Il sol dell’avvenire
Sono certo che il nostro Paese non abbia ben metabolizzato gli anni settanta, anche se per fortuna c’è chi ha saputo castigarne con intelligenza certi vezzi e luoghi comuni… Penso a Nanni Moretti, che ho seguito e amato da quando ero ragazzo. Una mancanza di profondità ben visibile anche rispetto all’Unità d’Italia, al colonialismo, al ventennio fascista… fino a Tangentopoli. Noi italiani tendiamo a volare sopra le cose più scomode, come se nulla fosse accaduto. È una dannazione storico-antropologica la nostra, che evidentemente deriva da una diffusa mancanza di fiducia verso la realtà: arriva l’invasore di turno oppure un conflitto forte, lo subiamo, lo introiettiamo persino, per poi lasciarcelo alle spalle come nulla fosse. E navighiamo volentieri nelle menzogne, fino a convincerci, per esempio, che negli anni settanta fossero solo quattro gatti a credere nella lotta armata. Mentre non era proprio così, a cominciare dal nostro ambiente. Le Brigate rosse avevano non pochi fiancheggiatori e lo slogan più moderato che girava in quegli anni era «né con lo Stato né con le Br». E poi c’è il ruolo del Pci, che di fatto ha sempre negato la parentela con i terroristi rossi, anche se un capo delle prime Br, Alberto Franceschini, tra i protagonisti de Il sol dell’avvenire, proveniva dalla Federazione giovanile comunista di Reggio Emilia. Certo, i parenti reietti li puoi anche rifiutare, ma non puoi certo fingere che non esistano. Figurati il pandemonio che io e Giovanni Fasanella, con cui condivido il film, abbiamo involontariamente creato dopo l’uscita al Festival di Locarno nel 2008! Da destra e da sinistra, sono piovuti attacchi diretti e indiretti. (…)

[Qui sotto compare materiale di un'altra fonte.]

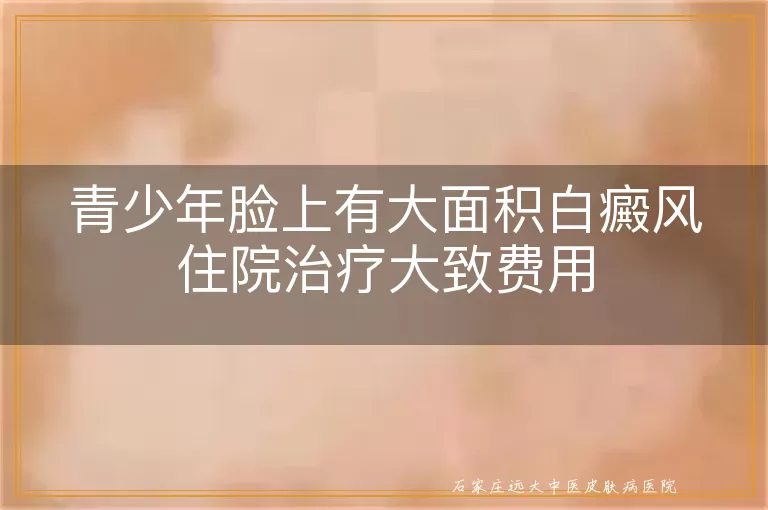 青少年脸上有大面积白癜风住院治疗大致费用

Ricordo che qualcosa di analogo era accaduto pure qualche anno prima con Latina/Littoria (era il 2001), film documentario in cui mi occupavo dello sdoganamento fascista e del consolidarsi del “berlusconismo” in provincia, seguendo, insieme allo scrittore Antonio Pennacchi, le vicende dell’allora Sindaco ex saloino Ajmone Finestra. Fui accusato, anche in Germania a dire il vero, di assecondare gli impeti fascisti di Finestra, che con disinvoltura da una sua vetrina-sacrario, in una scena del film, per esempio, non esita a esibire due miniature di Hitler e Mussolini. Eppure mi sembrava importante mostrare quella contraddizione (…) E questo, traslato sul racconto della realtà passata e presente, lo debbono fare gli artisti, scrittori, uomini di teatro, cineasti…, anche con spregiudicatezza se serve.